### Session III.4 - Foundations of Numerical PDEs

Wednesday, June 21, 16:30 ~ 17:00

## ** TALK CANCELLED ** (Well-balanced high-order methods for systems of balance laws: recent results and applications)

### Carlos Parés

#### University of Málaga, Spain - This email address is being protected from spambots. You need JavaScript enabled to view it.

This work summarizes some recent advances in the design of high-order well-balanced methods for systems of conservation laws by the authors and collaborators. The starting point is the family of high-order finite-volume methods proposed in [1] for hyperbolic 1d-systems of balance laws of the form \[ U_t + F(U)_x = S(U)H_x, \] where $H$ is a known possibly discontinuous function. The key ingredient in [1] was the reconstruction of fluctuations with respect to local equilibria. More precisely, once the numerical approximations at time $t^n$, $U_i^n$, have been obtained, the steps to compute the high-order reconstruction at the $i$th cell are the following: first, a stationary solution $U^*_i(x)$ of the system whose average at the $i$th-cell, $[x_{i-1/2}, x_{i + 1/2}]$, is equal to $U_i^n$ is obtained, i.e. $U_i^*$ solves the problem \[ F(U_i^*)_x = S(U^*_i)H_x, \quad \frac{1}{\Delta x}\int_{x_{i - 1/2}}^{x_{i + 1/2}} U^*_i (x) \,dx = U_i^n.\] Next, the fluctuations \[ V^n_j = U_j^n - \frac{1}{\Delta x}\int_{x_{j- 1/2}}^{x_{j + 1/2}} U^*_i (x) \,dx, \quad j \in \mathcal{S}_i \] are computed, where $\mathcal{S}_i$ represents the stencil of the $i$th cell. Then, a standard high-order reconstruction operator (like MUSCL, ENO; WENO, CWENO, etc.) is applied to these fluctuations to obtain \[ Q_i(x) = Q_i(x; \{ V_j^n\}_{j \in \mathcal{S}_i} ). \] Finally, the reconstruction operator is defined as follows: \[ P_i(x) = U_i^*(x) + Q_i(x). \]

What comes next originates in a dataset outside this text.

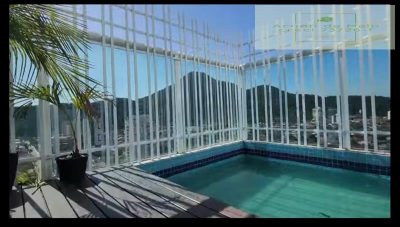Cobertura, 3 quartos, 175 m² - Foto 3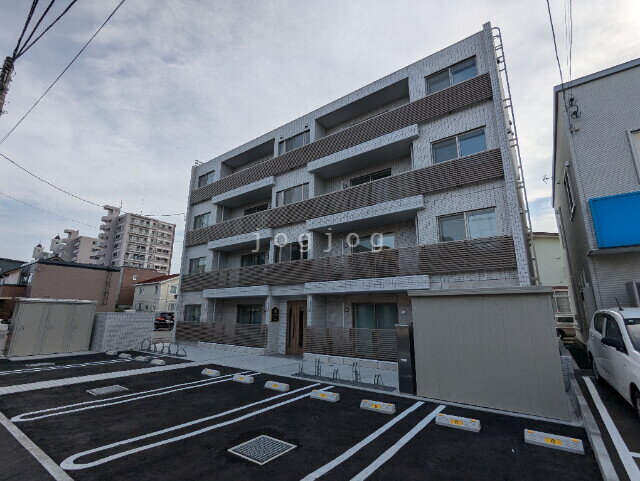 グランメール石山通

This strategy has been since then extended to systems for which the analytic expression of the stationary solutions is not available neither in explict or implicit form. Moreover it has been extended to the design of implicit and assymptotic preserving well-balanced finite volume methods and it has been also succesfully extended to the design of well-balanced finite-difference, Discontinuous-Galerkin, or Taylor methods.

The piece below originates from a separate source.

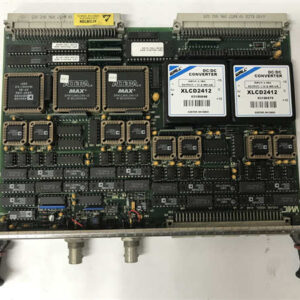 GE VMIVME-4140 工业级D/A转换板 - 精确控制，实时响应，现货供应！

Well-balanced methods designed following this strategy have been applied to fluid models in different contexts: shallow water models, gas dynamic, relativistic fluid models, blood flow models, etc.

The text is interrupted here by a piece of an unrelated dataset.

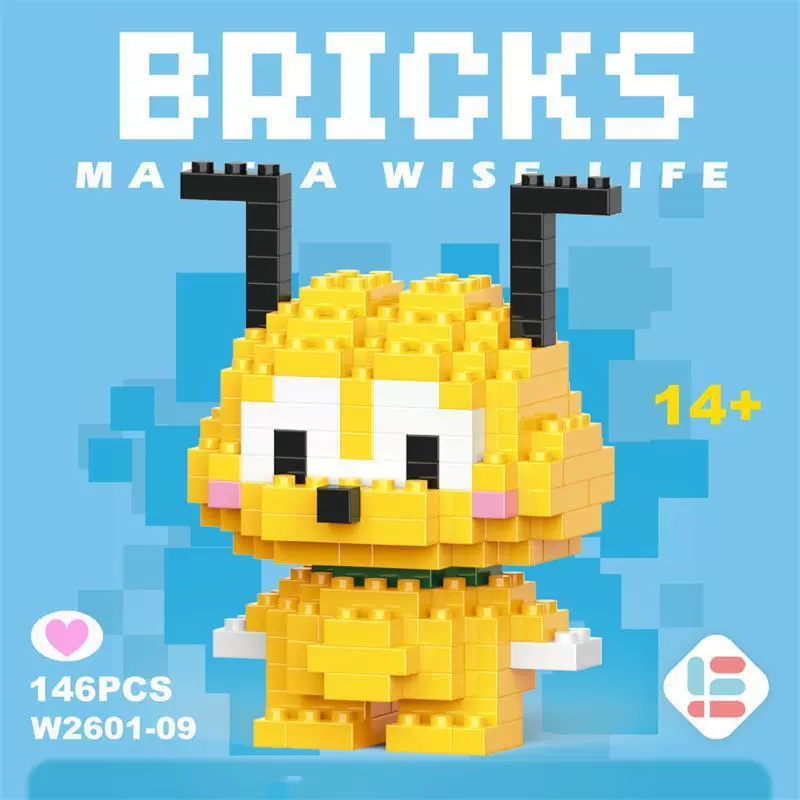 Лего, мультфильм конструктор, игрушка, антистресс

An overview of the different extensions and applications of this methodology will be presented, including a brief discussion about the extension to multidimensional problems.

REFERENCES:

[1] M.J. Castro, C. Parés. Well-balanced high-order finite volume methods for systems of balance laws. Journal of Scientific Computing 82 (2), 1-48, 2021.

Joint work with Manuel J. Castro (University of Málaga, Spain), Irene Gómez-Bueno (University of Málaga, Spain), Sebastiano Boscarino (University of Catania, Italy) and Giovanni Russo (University of Catania, Italy).